MATERIAL TO PROCESS —
-=-=-=-=-
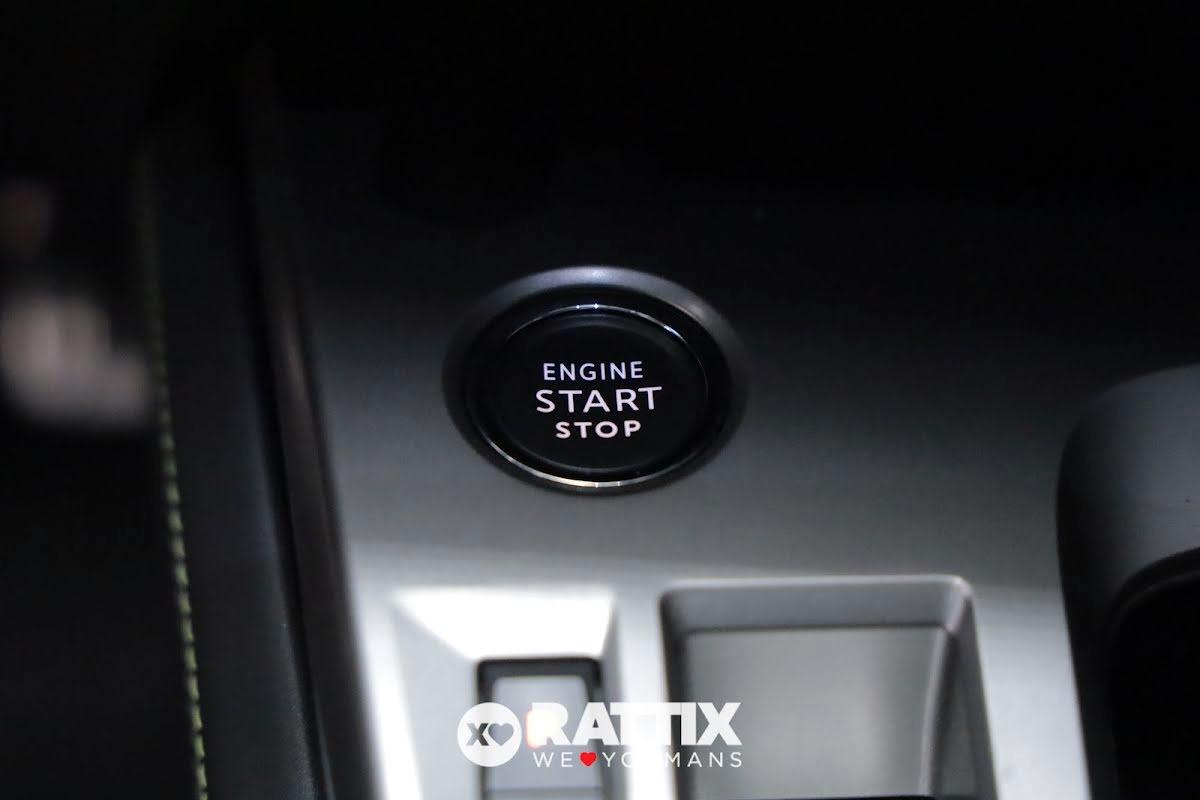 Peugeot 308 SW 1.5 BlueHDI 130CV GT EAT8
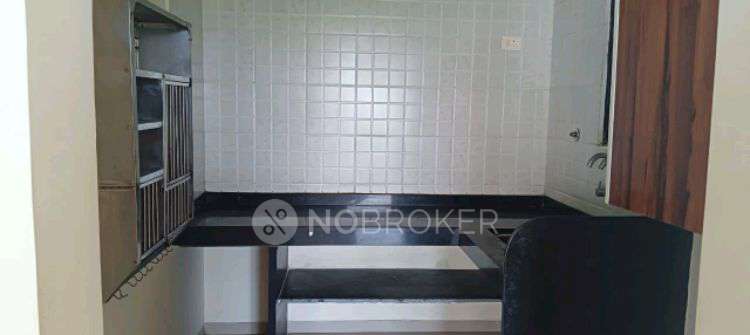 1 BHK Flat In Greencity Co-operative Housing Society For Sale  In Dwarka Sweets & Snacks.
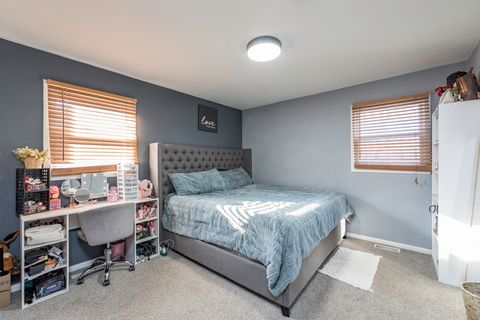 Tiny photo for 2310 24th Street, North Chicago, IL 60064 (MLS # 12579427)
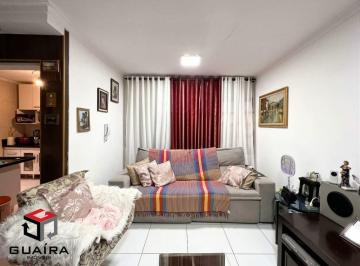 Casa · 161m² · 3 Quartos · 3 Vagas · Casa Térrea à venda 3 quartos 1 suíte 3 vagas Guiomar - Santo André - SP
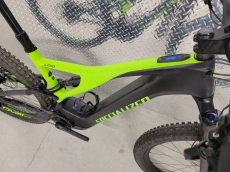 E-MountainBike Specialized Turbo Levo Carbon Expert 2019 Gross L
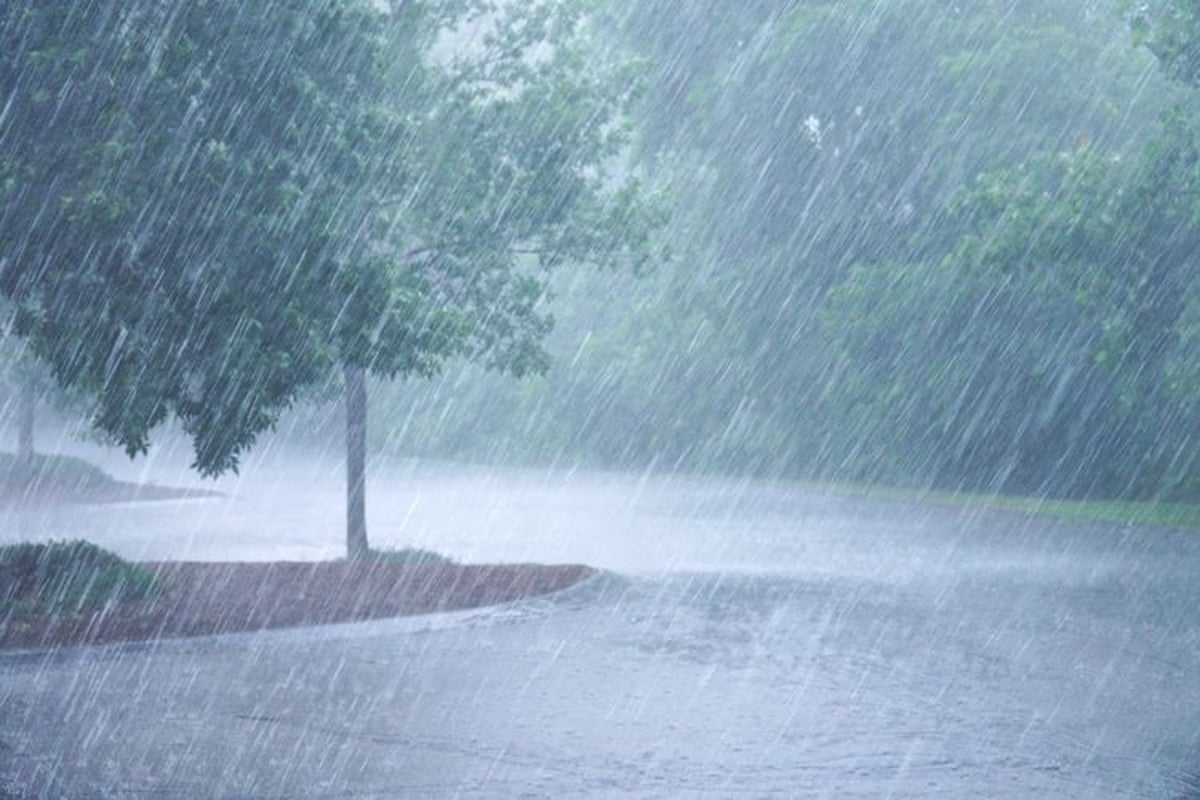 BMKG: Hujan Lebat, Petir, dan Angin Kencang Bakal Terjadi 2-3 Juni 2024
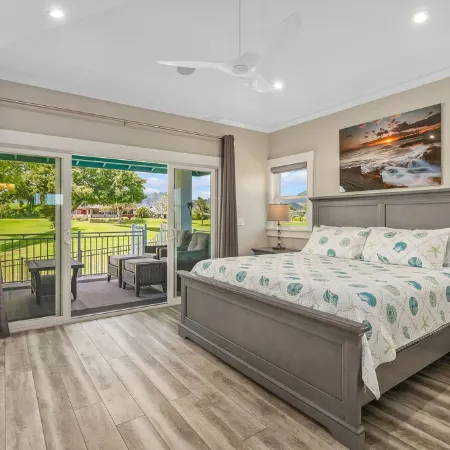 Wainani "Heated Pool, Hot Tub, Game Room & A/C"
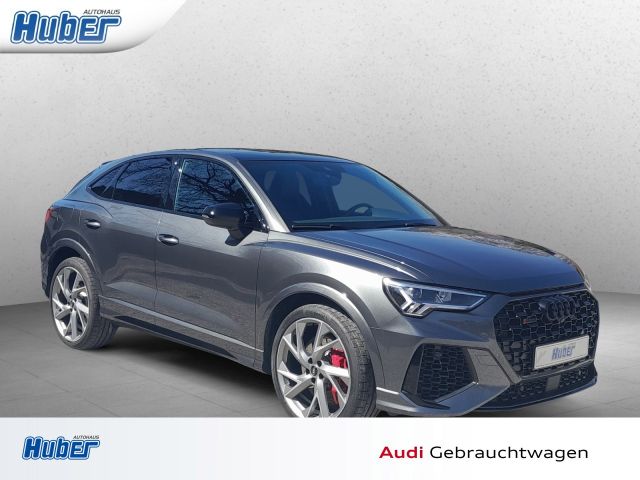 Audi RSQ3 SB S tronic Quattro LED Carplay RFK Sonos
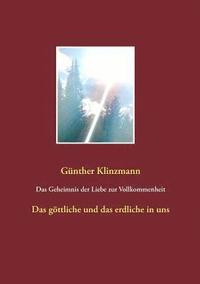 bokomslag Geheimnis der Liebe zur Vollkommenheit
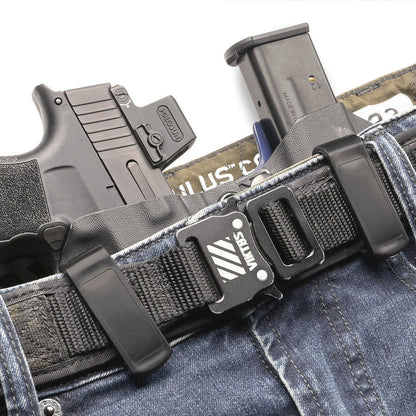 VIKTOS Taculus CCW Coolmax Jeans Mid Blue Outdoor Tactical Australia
-=-=-=-=-
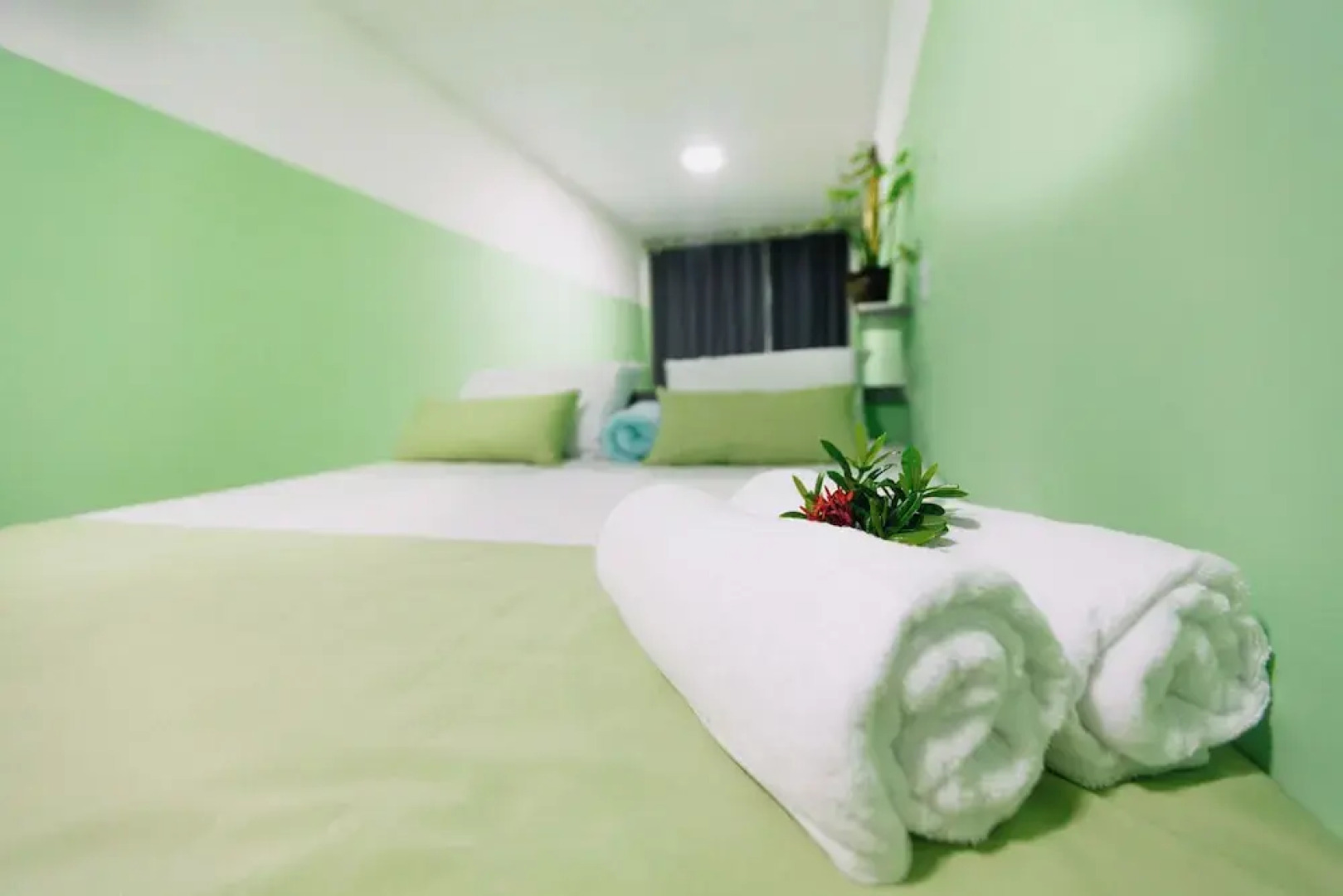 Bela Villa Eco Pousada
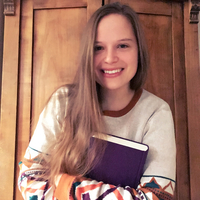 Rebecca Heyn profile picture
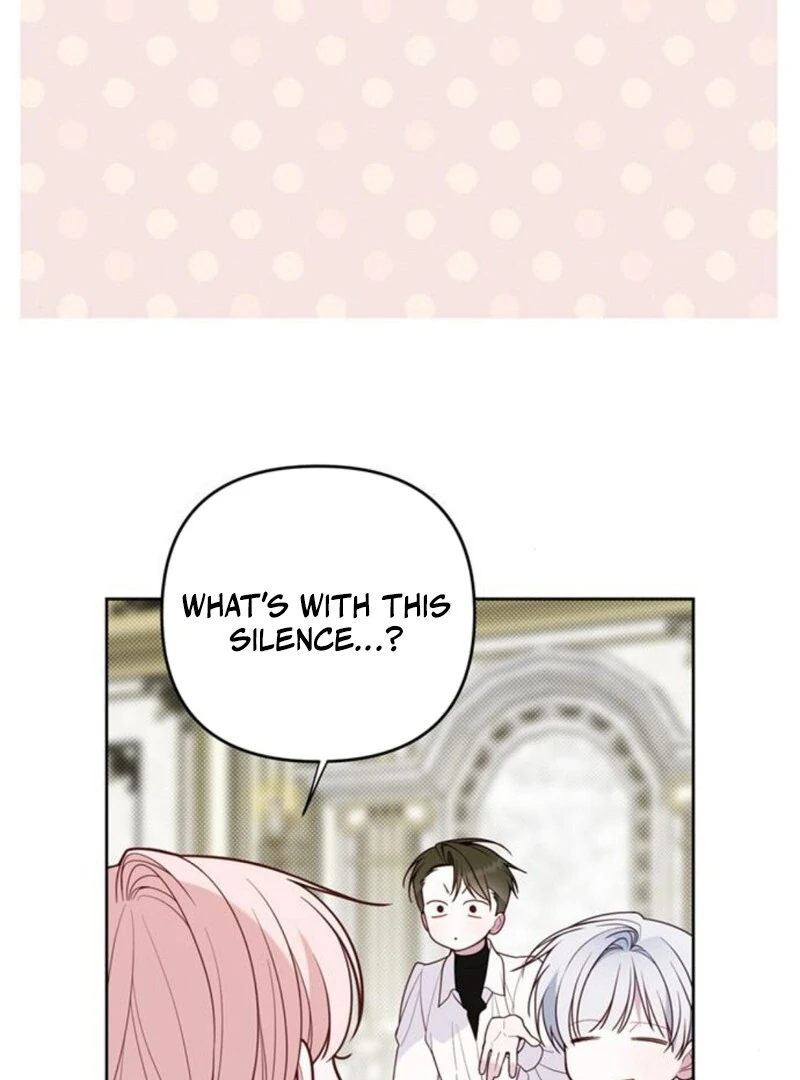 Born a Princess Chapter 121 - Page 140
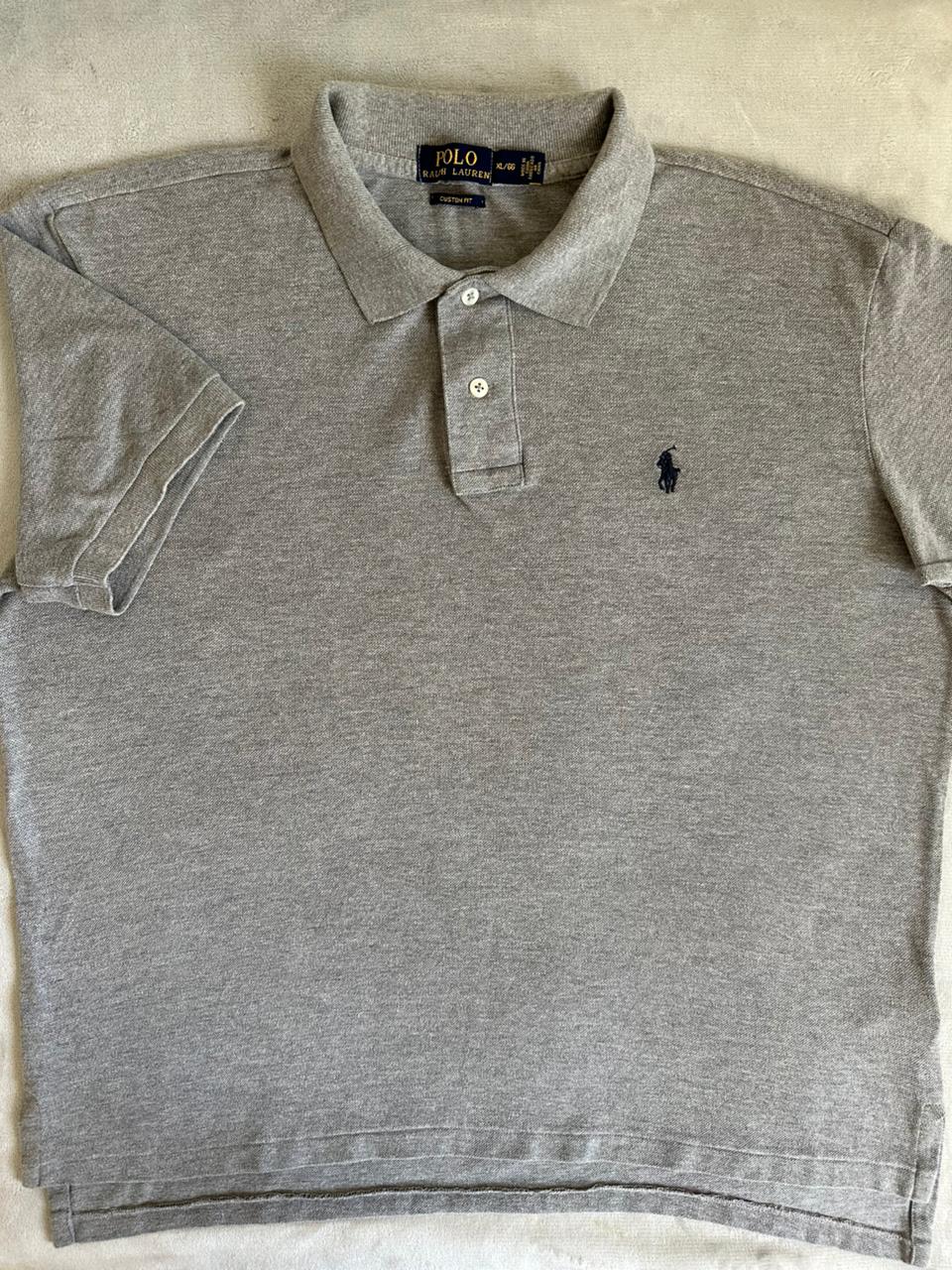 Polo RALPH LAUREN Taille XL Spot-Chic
-=-=-=-=-
INSTRUCTIONS FOR THE TASK — Exact copy, pictures excluded: every line above from the one containing "bokomslag Geheimnis der" to the one containing "VIKTOS Taculus CCW", inclusive, and nothing more.

REPLY TO THE EXERCISE —
 bokomslag Geheimnis der Liebe zur Vollkommenheit
 VIKTOS Taculus CCW Coolmax Jeans Mid Blue Outdoor Tactical Australia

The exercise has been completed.